- Theatrical poster
- Hangul: 창밖은 겨울
- RR: Changbakkeun gyeoul
- MR: Ch'angbakkŭn kyŏul
- Directed by: Lee Sang-jin
- Screenplay by: Lee Sang-jin
- Produced by: Lee Sang-jin
- Starring: Kwak Min-gyu; Han Sun-hwa;
- Production companies: KiriKiri Film Jinjin Film Company
- Distributed by: M-Line Distribution Jinjin Film Company
- Release dates: May 2, 2021 (JIFF); November 24, 2022 (South Korea);
- Running time: 104 minutes
- Country: South Korea
- Language: Korean
- Box office: US$37,969

= When Winter Comes (2021 film) =

2021 South Korean romantic drama film

When Winter Comes is a 2021 South Korean independent romantic drama film written and directed by Lee Sang-jin, and starring Kwak Min-gyu and Han Sun-hwa. The film had its world premiere at the 22nd Jeonju International Film Festival (JIFF) on May 2, 2021. It had its theatrical release on November 24, 2022.

==Plot==
Once a film director, Seok-woo (Kwak Min-gyu), who is now working as a bus driver in his hometown, lives a rather boring and monotonous daily life until one day he sees a woman who looks like his ex-girlfriend, Su-yeon, at the terminal. Then he finds a broken MP3 player left on her seat, and soon he starts to go around all the repair shops around the city. Young-ae (Han Sun-hwa), his coworker, getting curious about his sudden changes, shortly joins his journey to fix this small and old MP3 player.

==Cast==
- Kwak Min-gyu as Gong Seok-woo, a bus driver
- Han Sun-hwa as Yang Young-ae, a ticket sales and lost-and-found clerk
- Mok Gyu-ri as Su-yeon, Gong Seok-woo's ex-girlfriend
- Ahn Sang-jin
- Ahn Min-young
- Son Seong-chan
- Lee Jung-bi
- Yang Ji-woong
- Choi Hee-jin

==Release==
===Film festivals===
On May 2, 2021, the film had its world premiere at the 22nd Jeonju International Film Festival: JIFF in the Korean Cinema section.

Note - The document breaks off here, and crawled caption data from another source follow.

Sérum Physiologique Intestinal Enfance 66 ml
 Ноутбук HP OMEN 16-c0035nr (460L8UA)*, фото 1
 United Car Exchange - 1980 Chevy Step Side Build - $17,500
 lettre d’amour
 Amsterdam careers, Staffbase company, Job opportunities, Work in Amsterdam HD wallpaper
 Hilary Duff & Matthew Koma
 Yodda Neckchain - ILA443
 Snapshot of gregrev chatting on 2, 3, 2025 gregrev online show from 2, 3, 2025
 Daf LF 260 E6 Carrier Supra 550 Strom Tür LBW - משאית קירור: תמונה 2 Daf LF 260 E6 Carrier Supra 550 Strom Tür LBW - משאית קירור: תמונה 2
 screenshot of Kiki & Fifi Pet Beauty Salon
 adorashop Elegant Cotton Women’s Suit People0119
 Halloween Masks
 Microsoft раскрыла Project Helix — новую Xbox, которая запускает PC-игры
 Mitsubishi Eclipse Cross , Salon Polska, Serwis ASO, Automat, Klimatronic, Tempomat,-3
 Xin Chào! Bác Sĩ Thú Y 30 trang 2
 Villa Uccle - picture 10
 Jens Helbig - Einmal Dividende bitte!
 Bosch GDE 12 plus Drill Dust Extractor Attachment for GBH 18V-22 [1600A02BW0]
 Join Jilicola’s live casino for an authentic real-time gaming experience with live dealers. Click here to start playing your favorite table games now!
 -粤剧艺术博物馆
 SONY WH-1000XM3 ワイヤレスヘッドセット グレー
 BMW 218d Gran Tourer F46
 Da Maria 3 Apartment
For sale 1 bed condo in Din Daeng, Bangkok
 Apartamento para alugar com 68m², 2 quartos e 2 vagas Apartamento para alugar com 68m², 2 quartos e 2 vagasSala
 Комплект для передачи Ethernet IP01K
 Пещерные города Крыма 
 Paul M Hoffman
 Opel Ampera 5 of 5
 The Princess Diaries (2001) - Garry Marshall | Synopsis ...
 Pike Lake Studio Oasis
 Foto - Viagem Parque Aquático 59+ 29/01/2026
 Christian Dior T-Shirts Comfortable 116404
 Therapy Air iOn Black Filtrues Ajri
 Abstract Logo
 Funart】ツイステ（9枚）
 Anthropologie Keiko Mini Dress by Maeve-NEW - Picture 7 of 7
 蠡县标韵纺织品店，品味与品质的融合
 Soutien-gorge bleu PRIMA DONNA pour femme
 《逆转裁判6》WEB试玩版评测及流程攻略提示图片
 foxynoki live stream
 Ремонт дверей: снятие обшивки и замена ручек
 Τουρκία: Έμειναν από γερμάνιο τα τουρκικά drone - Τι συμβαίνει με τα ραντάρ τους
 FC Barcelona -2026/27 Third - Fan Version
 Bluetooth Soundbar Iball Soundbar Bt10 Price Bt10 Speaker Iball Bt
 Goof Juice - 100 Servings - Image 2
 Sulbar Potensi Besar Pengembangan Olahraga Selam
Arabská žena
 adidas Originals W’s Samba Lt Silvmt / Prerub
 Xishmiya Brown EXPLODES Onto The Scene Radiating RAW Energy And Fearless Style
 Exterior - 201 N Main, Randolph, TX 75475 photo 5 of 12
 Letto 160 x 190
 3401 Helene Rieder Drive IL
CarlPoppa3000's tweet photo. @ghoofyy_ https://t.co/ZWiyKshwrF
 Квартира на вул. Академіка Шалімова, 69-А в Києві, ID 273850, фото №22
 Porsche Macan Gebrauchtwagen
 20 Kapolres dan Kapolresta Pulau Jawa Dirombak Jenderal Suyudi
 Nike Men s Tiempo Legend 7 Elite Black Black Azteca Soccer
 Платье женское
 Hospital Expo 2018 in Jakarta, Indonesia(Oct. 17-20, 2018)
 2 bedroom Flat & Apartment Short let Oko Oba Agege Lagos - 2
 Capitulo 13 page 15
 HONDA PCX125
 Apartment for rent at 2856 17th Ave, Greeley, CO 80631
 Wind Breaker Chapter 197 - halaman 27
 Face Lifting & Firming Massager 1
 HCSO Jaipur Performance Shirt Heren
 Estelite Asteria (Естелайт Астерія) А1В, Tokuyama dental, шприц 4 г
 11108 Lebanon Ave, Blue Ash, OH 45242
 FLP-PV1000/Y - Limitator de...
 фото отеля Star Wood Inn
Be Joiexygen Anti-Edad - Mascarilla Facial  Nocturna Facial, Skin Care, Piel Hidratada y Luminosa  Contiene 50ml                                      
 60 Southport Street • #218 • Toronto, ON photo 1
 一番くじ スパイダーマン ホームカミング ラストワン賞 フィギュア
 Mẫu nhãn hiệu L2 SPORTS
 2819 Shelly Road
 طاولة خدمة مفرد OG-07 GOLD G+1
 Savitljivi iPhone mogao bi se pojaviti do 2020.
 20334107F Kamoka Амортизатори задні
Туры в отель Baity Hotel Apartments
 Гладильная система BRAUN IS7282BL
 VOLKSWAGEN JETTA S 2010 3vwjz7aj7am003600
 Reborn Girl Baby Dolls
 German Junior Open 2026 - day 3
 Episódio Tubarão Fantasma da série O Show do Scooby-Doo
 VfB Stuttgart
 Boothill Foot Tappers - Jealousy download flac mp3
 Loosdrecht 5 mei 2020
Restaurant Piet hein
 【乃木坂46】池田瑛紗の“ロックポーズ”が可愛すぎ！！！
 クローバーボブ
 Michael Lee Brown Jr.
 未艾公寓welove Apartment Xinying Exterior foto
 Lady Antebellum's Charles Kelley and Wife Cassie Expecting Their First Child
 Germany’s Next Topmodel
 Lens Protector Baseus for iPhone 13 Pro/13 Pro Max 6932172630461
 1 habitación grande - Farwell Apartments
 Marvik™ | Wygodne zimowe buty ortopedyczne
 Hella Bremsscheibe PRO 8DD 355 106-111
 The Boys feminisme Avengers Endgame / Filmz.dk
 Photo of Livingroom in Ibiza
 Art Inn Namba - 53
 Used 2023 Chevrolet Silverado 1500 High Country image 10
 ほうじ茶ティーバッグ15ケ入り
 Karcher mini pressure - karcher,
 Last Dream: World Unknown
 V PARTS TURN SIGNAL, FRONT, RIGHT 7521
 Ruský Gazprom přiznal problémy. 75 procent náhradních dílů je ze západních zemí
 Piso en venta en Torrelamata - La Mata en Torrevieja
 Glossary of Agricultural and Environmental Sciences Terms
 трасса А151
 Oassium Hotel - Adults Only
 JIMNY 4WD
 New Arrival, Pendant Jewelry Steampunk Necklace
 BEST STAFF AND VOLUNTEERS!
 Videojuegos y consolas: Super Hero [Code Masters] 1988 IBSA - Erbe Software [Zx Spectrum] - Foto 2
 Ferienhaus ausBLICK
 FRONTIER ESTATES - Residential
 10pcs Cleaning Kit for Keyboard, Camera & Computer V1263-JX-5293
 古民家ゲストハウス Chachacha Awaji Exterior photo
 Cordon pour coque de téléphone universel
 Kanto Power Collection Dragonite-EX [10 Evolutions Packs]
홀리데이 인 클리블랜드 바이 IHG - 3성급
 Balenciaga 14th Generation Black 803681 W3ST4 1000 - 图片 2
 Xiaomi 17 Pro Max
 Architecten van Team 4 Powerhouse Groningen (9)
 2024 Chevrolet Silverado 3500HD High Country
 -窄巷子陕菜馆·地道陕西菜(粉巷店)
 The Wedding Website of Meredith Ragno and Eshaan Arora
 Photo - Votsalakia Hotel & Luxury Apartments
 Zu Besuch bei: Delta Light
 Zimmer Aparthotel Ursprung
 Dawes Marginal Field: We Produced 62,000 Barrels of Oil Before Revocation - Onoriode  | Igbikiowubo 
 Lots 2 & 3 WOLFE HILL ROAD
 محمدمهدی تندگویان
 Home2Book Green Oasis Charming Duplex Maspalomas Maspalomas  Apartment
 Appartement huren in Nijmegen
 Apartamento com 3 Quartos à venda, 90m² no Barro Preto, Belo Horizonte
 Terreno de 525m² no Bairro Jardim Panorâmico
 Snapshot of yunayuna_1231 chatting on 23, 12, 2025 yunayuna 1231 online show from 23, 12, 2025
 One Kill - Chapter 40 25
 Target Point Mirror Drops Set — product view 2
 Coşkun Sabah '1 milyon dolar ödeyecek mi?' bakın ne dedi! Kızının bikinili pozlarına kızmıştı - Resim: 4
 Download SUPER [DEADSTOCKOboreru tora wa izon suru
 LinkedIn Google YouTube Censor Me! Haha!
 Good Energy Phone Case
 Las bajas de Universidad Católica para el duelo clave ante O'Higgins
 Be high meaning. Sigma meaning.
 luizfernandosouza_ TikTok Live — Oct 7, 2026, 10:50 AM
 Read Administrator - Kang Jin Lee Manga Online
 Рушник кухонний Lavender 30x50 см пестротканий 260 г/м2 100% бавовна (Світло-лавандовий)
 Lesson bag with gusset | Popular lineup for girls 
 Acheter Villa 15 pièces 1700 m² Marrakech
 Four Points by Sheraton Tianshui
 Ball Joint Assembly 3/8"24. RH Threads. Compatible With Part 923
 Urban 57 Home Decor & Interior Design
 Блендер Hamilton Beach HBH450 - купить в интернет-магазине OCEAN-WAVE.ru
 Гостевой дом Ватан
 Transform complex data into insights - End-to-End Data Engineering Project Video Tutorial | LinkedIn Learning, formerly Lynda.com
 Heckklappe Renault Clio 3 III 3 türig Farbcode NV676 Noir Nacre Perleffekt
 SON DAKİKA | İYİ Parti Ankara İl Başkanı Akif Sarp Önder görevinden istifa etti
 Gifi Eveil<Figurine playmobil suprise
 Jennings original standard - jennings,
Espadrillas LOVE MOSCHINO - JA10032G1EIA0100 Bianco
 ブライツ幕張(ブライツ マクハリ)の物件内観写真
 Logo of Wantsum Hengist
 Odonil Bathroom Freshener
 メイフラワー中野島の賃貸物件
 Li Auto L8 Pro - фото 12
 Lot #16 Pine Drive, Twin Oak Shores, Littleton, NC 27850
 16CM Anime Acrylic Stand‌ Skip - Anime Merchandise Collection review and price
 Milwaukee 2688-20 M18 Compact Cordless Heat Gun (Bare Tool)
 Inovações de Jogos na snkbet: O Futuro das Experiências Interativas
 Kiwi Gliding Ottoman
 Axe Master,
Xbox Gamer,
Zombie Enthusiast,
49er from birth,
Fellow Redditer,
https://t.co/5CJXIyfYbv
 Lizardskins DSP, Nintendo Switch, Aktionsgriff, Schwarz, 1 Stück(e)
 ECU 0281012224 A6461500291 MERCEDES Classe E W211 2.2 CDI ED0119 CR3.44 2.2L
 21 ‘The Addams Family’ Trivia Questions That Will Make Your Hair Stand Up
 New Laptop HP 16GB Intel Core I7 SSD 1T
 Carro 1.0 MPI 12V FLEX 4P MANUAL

In 2021, the film was also invited for screening at the Jeonbuk Independent Film Festival in the Feature Film Competition section.

===Theatrical release===
It was released theatrically on November 24, 2022, in South Korea.

==Box Office==
The film was released on 55 screens on November 24, 2022.

According to the Korean Box Office Information System (KOBIS), as of August 13, 2025, the film's total gross is US$37,969 from 7,267 admissions.